Not grant_handle_t ?

> +	uint64_t dev_bus_addr;
> +};
> +
>  struct xen_blkif {
>  	/* Unique identifier for this interface. */
>  	domid_t			domid;
> @@ -190,6 +200,12 @@ struct xen_blkif {
>  	struct task_struct	*xenblkd;
>  	unsigned int		waiting_reqs;
>  
> +	/* frontend feature information */
> +	u8			can_grant_persist:1;

Pls move that to the vbd structure, and if you feel
especially adventourous, you could modify the

bool flush_support
bool discard_secure

to be 'unsigned int feature_flush:1' ,etc.. as its own
seperate patch and then introduce the

unsigned int feature_grnt_pers:1

flag.
> +	struct pers_gnt		*pers_gnts[BLKIF_MAX_PERS_REQUESTS_PER_DEV *
> +					  BLKIF_MAX_SEGMENTS_PER_REQUEST];
> +	unsigned int		pers_gnt_c;
> +
>  	/* statistics */
>  	unsigned long		st_print;
>  	int			st_rd_req;
> diff --git a/drivers/block/xen-blkback/xenbus.c b/drivers/block/xen-blkback/xenbus.c
> index 4f66171..dc58cc4 100644
> --- a/drivers/block/xen-blkback/xenbus.c
> +++ b/drivers/block/xen-blkback/xenbus.c
> @@ -681,6 +681,13 @@ again:
>  		goto abort;
>  	}
>  
> +	err = xenbus_printf(xbt, dev->nodename, "feature-persistent-grants",
> +			    "%d", 1);
> +	if (err) {
> +		xenbus_dev_fatal(dev, err, "writing persistent capability");

It is not fatal.
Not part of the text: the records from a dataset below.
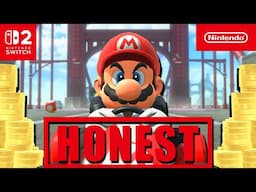 Honest Mario Kart World Ad
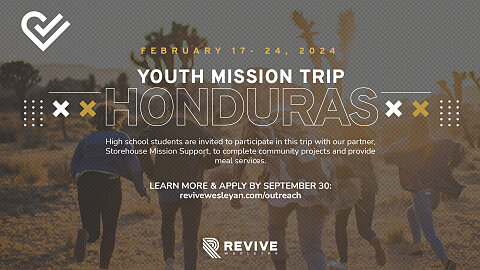 Youth Honduras Trip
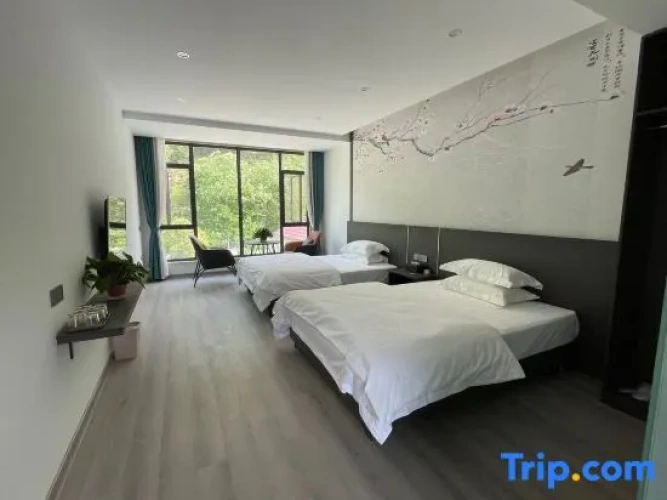 Standard Double room with mountain view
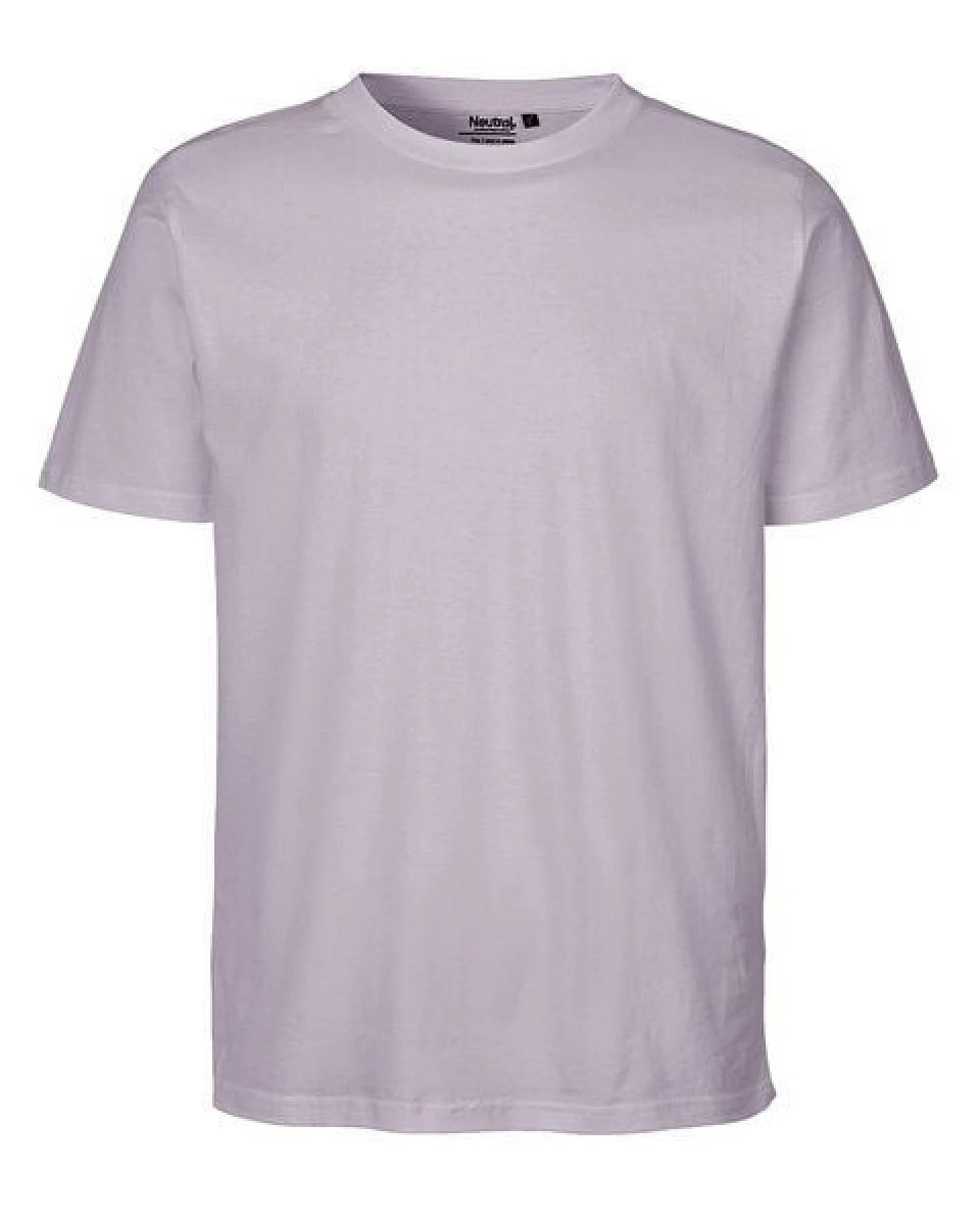 HANDGEDRUCKT "Free Your Mind" Unisex T-Shirt von Neutral – Ansicht 3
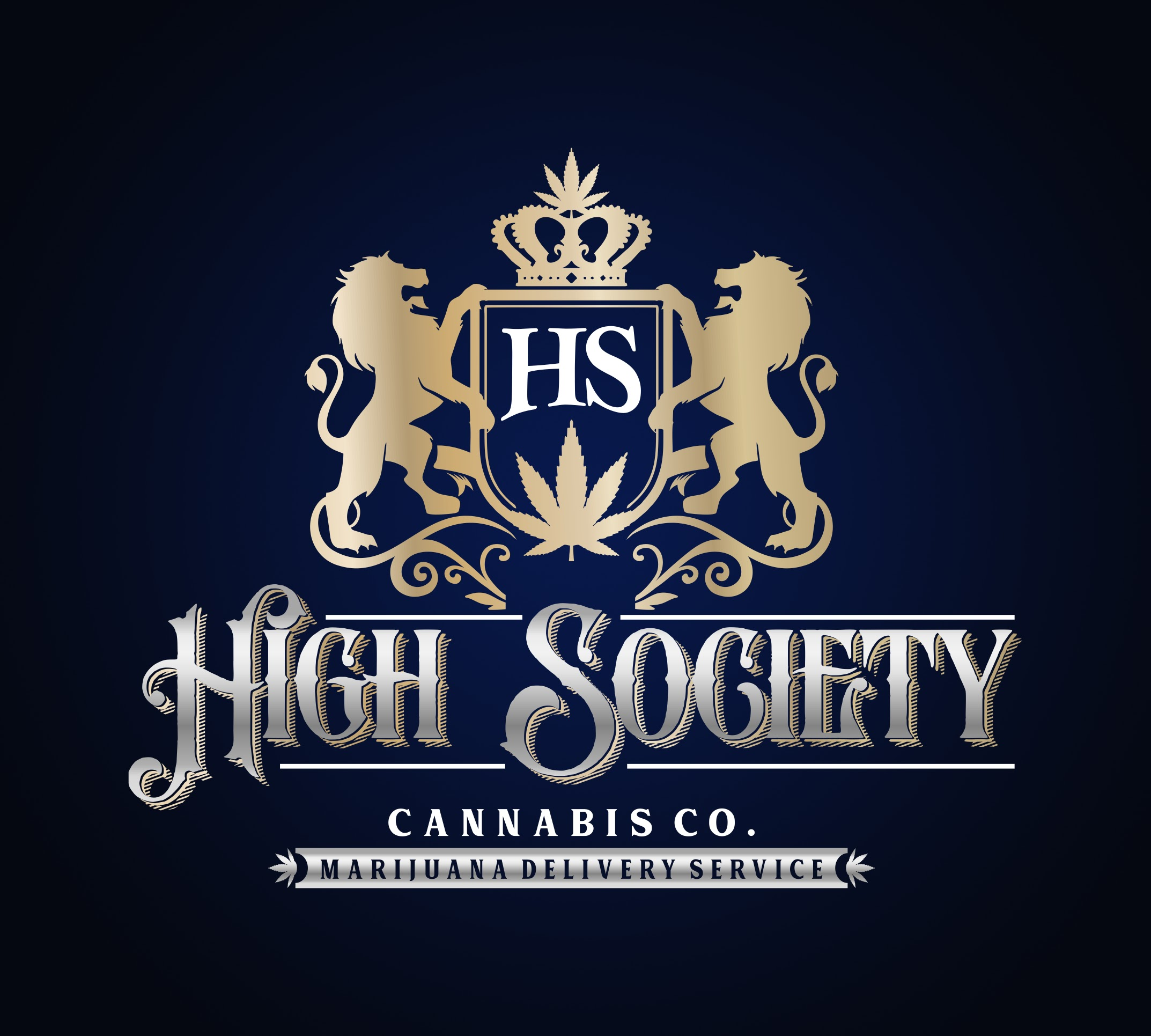Company Logo For High Society Cannabis Co. Marijuana Deliver'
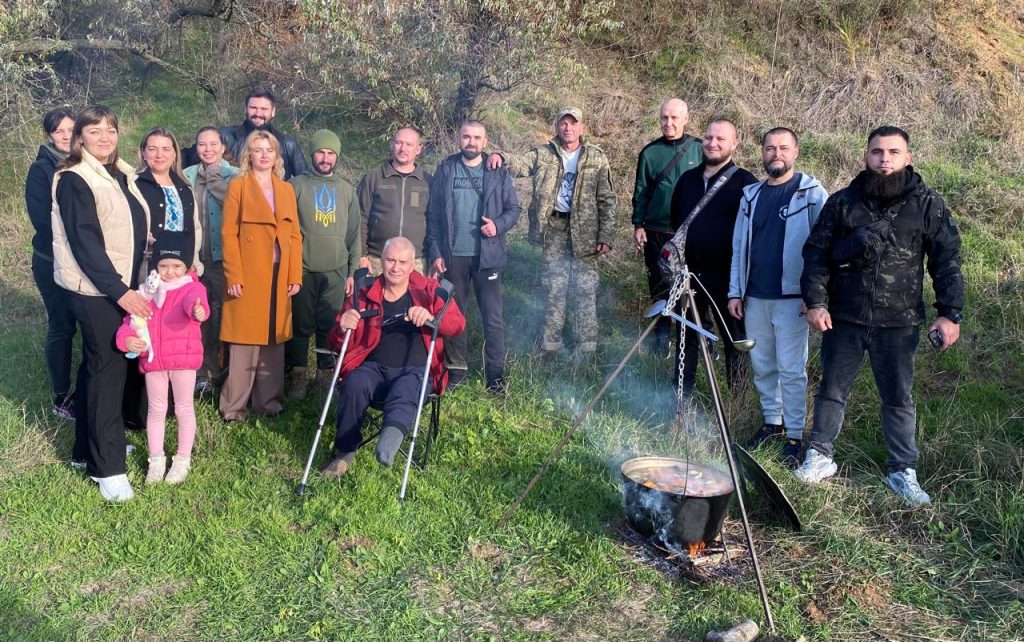 Оздоровлення військових на Куяльницькому лимані — сила природи на варті відновлення героїв Оздоровлення військових на Куяльницькому лимані — сила природи на варті відновлення героїв
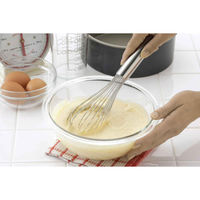 下村企販 泡立て器 ママクック ステンレス製 食洗機対応 日本製 440738 1個（直送品）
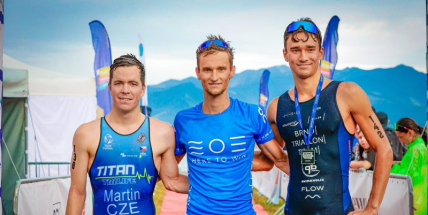 Tomáš Zikmund poprvé českým šampionem v olympijském triatlonu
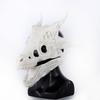 New Halloween Simulation Dragon Bone Mask Headgear with Moving Mouth, Dinosaur Latex Headgear, Animal Performance Props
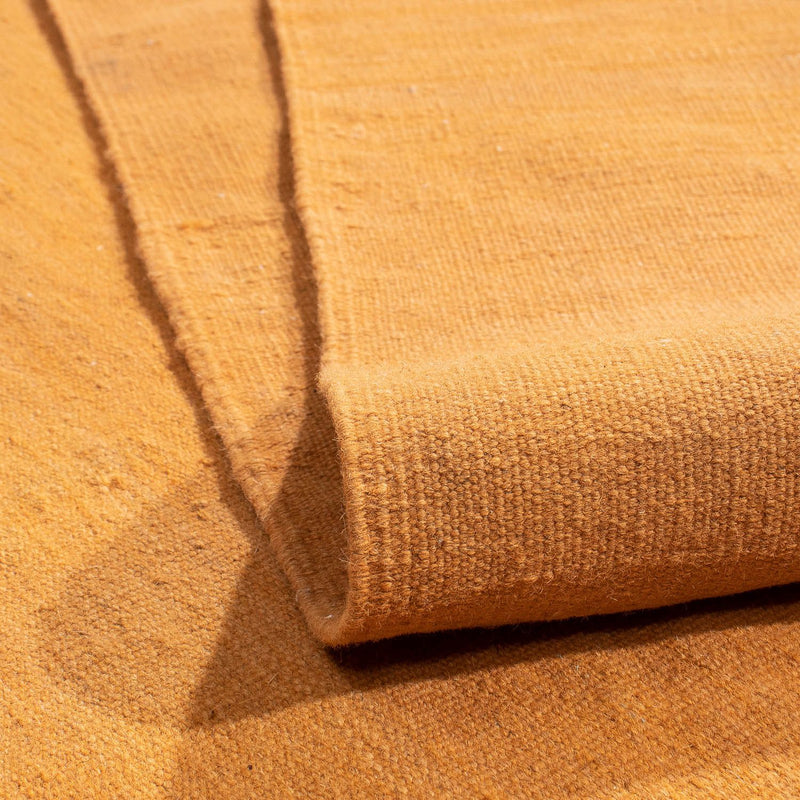 Dywan Kelim - Orientalny - 216 x 152 cm - brązowy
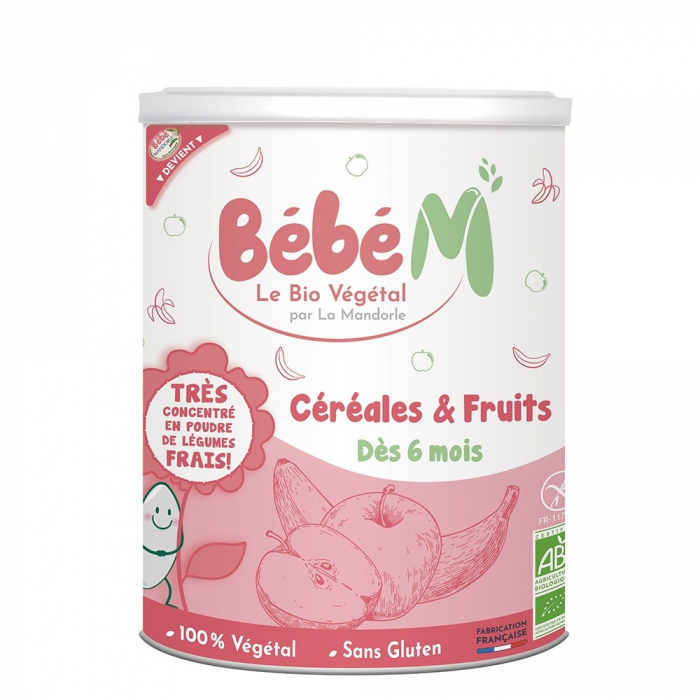 Cereale + fructe pentru bebeluși - de la 6 luni 400g [1]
Just do dev_warn, like the xen_blkbk_discard does.

> +		goto abort;
> +	}
> +
>  	/* FIXME: use a typename instead */
>  	err = xenbus_printf(xbt, dev->nodename, "info", "%u",
>  			    be->blkif->vbd.type |
> @@ -721,6 +728,7 @@ static int connect_ring(struct backend_info *be)
>  	struct xenbus_device *dev = be->dev;
>  	unsigned long ring_ref;
>  	unsigned int evtchn;
> +	u8 pers_grants;
>  	char protocol[64] = "";
>  	int err;
>  
> @@ -750,8 +758,17 @@ static int connect_ring(struct backend_info *be)
>  		xenbus_dev_fatal(dev, err, "unknown fe protocol %s", protocol);
>  		return -1;
>  	}
> -	pr_info(DRV_PFX "ring-ref %ld, event-channel %d, protocol %d (%s)\n",
> -		ring_ref, evtchn, be->blkif->blk_protocol, protocol);
> +	err = xenbus_gather(XBT_NIL, dev->otherend,
> +			    "feature-persistent-grants", "%d",
> +			    &pers_grants, NULL);
> +	if (err)
> +		pers_grants = 0;
> +
> +	be->blkif->can_grant_persist = pers_grants;

We should also have a patch for the Xen blkif.h to document this feature.. but that
can be done later.

> +
> +	pr_info(DRV_PFX "ring-ref %ld, event-channel %d, protocol %d (%s) persistent %d\n",
> +		ring_ref, evtchn, be->blkif->blk_protocol, protocol,
> +		pers_grants);
>  
>  	/* Map the shared frame, irq etc. */
>  	err = xen_blkif_map(be->blkif, ring_ref, evtchn);
> diff --git a/drivers/block/xen-blkfront.c b/drivers/block/xen-blkfront.c
> index e4fb337..c1cc5fe 100644
> --- a/drivers/block/xen-blkfront.c
> +++ b/drivers/block/xen-blkfront.c
> @@ -68,6 +68,13 @@ struct blk_shadow {
>  	struct blkif_request req;
>  	struct request *request;
>  	unsigned long frame[BLKIF_MAX_SEGMENTS_PER_REQUEST];
> +	struct gnt_list *grants_used[BLKIF_MAX_SEGMENTS_PER_REQUEST];
> +};
> +
> +struct gnt_list {
> +	grant_ref_t gref;
> +	unsigned long frame;

Pls mention what 'frame' is and what the other ones do.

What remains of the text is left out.